- Task statement -
What you return should be the entries, unchanged, without their pictures.

- Data listing -
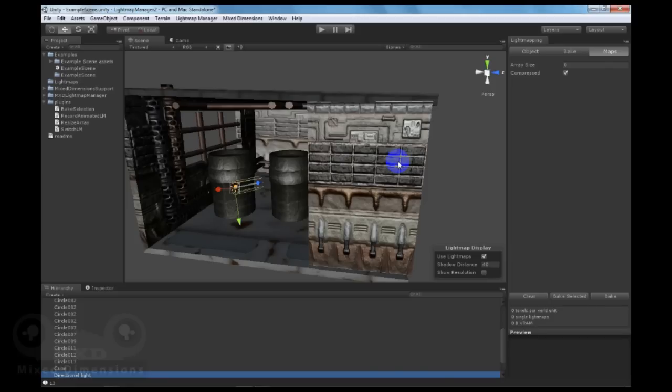Hello everyone, my name is Baha Abun Jain from Mixed Dimensions and today I will introduce Lightmap Manager 2, Save and Load Functionality.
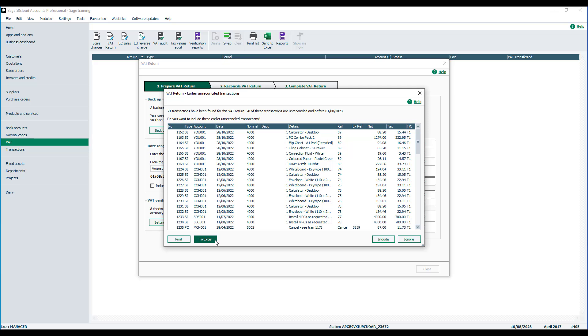The software identifies transactions that haven't been VAT reconciled and that fall within the date range you've specified. It will also look prior to the date range to see if there are any late entries. You'll be prompted do you want to include these now, and it will list them so you can obviously print that list or send it to Excel if you need to investigate further or make amendments.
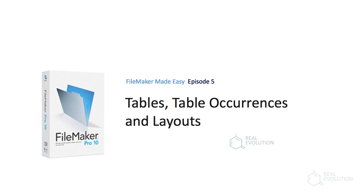Thanks for watching this installment of the Real Evolution FileMaker video series. We hope to see you again soon.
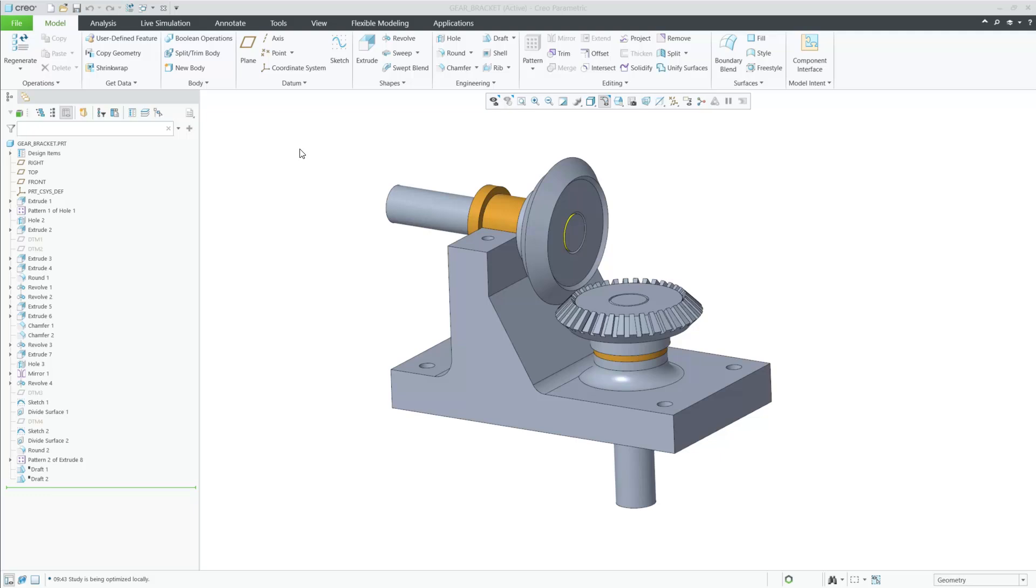In Creo 12, generative design has some new capabilities regarding connected geometry, which are bodies that are connected by contacts. These bodies are assumed to be deformable in previous releases of generative design.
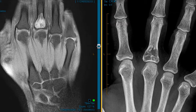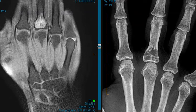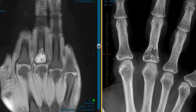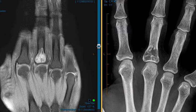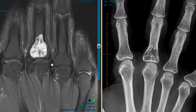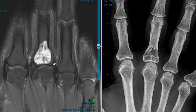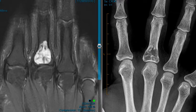This is a T1 view where we've suppressed the fat, so the fat looks dark. We can see the lesion is a little bit bright — brighter than marrow. On the T2-weighted image, the lesion is very bright.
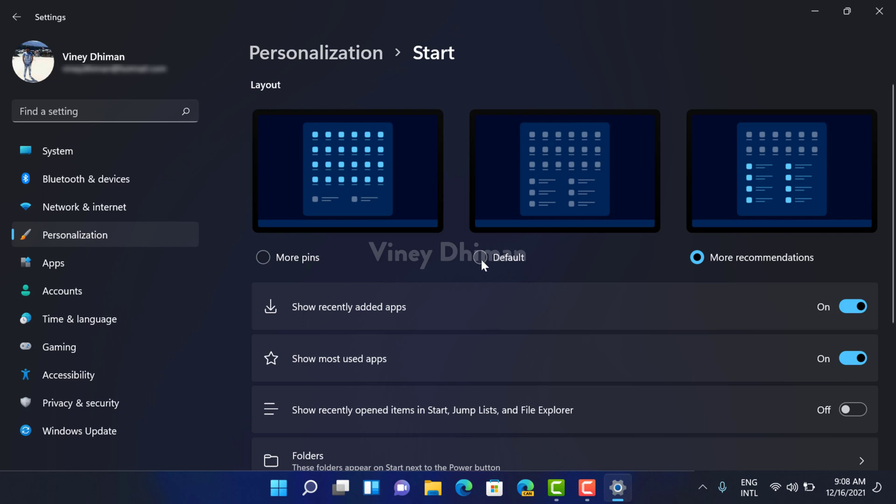It's an amazing customization option provided by Microsoft in the latest version of Windows 11. Give it a try. Which layout is your favorite, More Pins or More Recommendations?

- Solution to this problem -
Hello everyone, my name is Baha Abun Jain from Mixed Dimensions and today I will introduce Lightmap Manager 2, Save and Load Functionality.
The software identifies transactions that haven't been VAT reconciled and that fall within the date range you've specified. It will also look prior to the date range to see if there are any late entries. You'll be prompted do you want to include these now, and it will list them so you can obviously print that list or send it to Excel if you need to investigate further or make amendments.
Thanks for watching this installment of the Real Evolution FileMaker video series. We hope to see you again soon.
In Creo 12, generative design has some new capabilities regarding connected geometry, which are bodies that are connected by contacts. These bodies are assumed to be deformable in previous releases of generative design.
This is a T1 view where we've suppressed the fat, so the fat looks dark. We can see the lesion is a little bit bright — brighter than marrow. On the T2-weighted image, the lesion is very bright.
It's an amazing customization option provided by Microsoft in the latest version of Windows 11. Give it a try. Which layout is your favorite, More Pins or More Recommendations?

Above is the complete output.